2014年09月17日

東北ぐるり一周18きっぷの旅 1998 その4


山劇トラベルシリーズ
一瞬出遅れたかと思ったが



 2日目である。朝は目覚ましよりも早く目が覚めた。他の連中はまだ眠っているようだ。館内も静かなのでまだ皆寝ているのだろう。早めに朝の準備を先に整え、朝の散歩に出かける事に。普段の休日はこんな時間には起きる事は絶対ない。旅行時ならではの習慣だ。

 朝食時間前に部屋に戻ると、チャリダーの方が起きていた。聞くと今日は松島の方へ行くのだそうだ。朝食を頼んでいないので、荷物をまとめ次第出発するという。これでお別れとうことなので、その場で別れを言った。多分もう会うことはない。

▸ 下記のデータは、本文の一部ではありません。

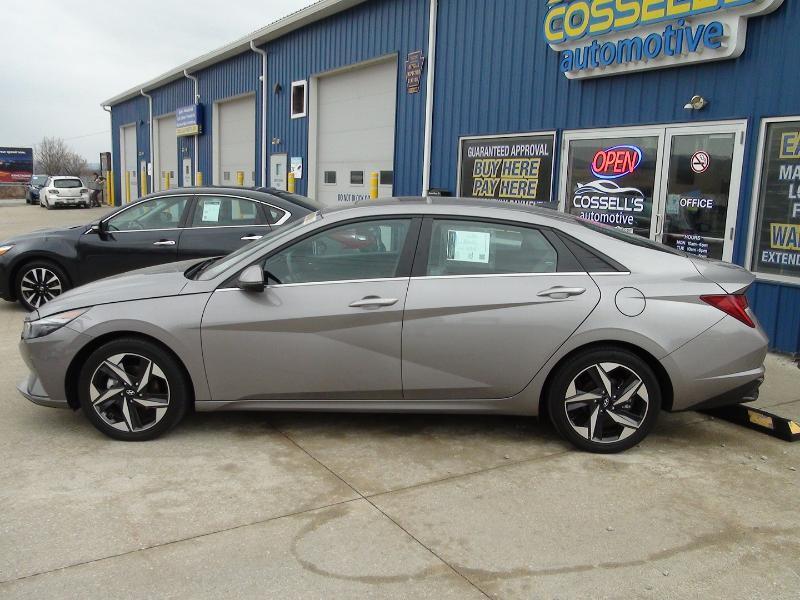 Hyundai Elantra Limited Hybrid 2023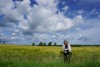 Anna und Kai in einem Feld stehend
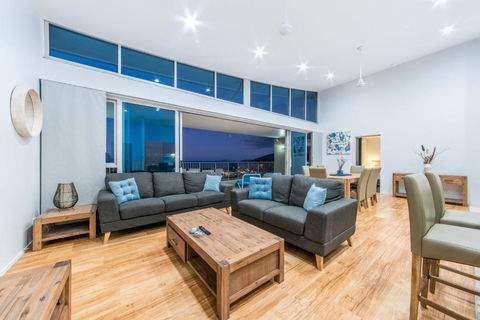 Coral View At Azure Sea - Northern Rivers Accommodation 2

 鉄ちゃんの方は相変わらずぐっすりと熟睡中。しかし、寝ていたら起こしてくれと頼まれていたので、無理やり起こしてやる。こちらの鉄ちゃんもまた朝食を頼んでいないらしい。今日は仙台駅まで一緒に行く事になっている。無理やり起こしたから、何だかボケーとしている。朝食はというと、相変わらず模範的な定番の朝食だった。今度はお盆の件は忘れない。

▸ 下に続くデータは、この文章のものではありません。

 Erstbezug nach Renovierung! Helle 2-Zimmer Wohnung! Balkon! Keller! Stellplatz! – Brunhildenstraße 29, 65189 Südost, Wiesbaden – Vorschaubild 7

 次は何処で飯を食べれるか判らないから今のうちにしっかりと飯の食いだめをする。旅行中は何故かいくらでも腹に入る。

 部屋に戻ると既にチャリダーの姿は無く、もう一人の鉄ちゃんはすっかり元気になっていた。そろそろバスの時間である。ユースの料金は前払いになっているので、オーナーに軽く挨拶をしてユースを出る。バス停の前にコンビニへ向かう。昼の食料を買い込む為である。

 コンビニは昨晩のうちに下見をしておいたセブンイレブン。店に入るとまっすぐおにぎり売り場へと向かい、味違いのおにぎり4個と、念の為にお茶のペットボトルを購入。買わなければという意気込みの割には大したものは買わない。

 コンビニで買い物を済ませてからバス停へと向かう。バス停の位置や時刻は昨晩のうちに調査済。バス停前で暫く待っていたらバスが来たので乗り込んだ。仙台のバス乗り口は後ろで、料金は後払いであるのも昨日すでに経験済である。今のところ予定に狂いはない。順調に進行している。安心するのははだ早い?

 バスに乗るとほんの5分位で仙台駅前に到着した。昨日てくてくと歩いた距離にしたらそんなものだが、気分からするともう少し乗っていたかったかも。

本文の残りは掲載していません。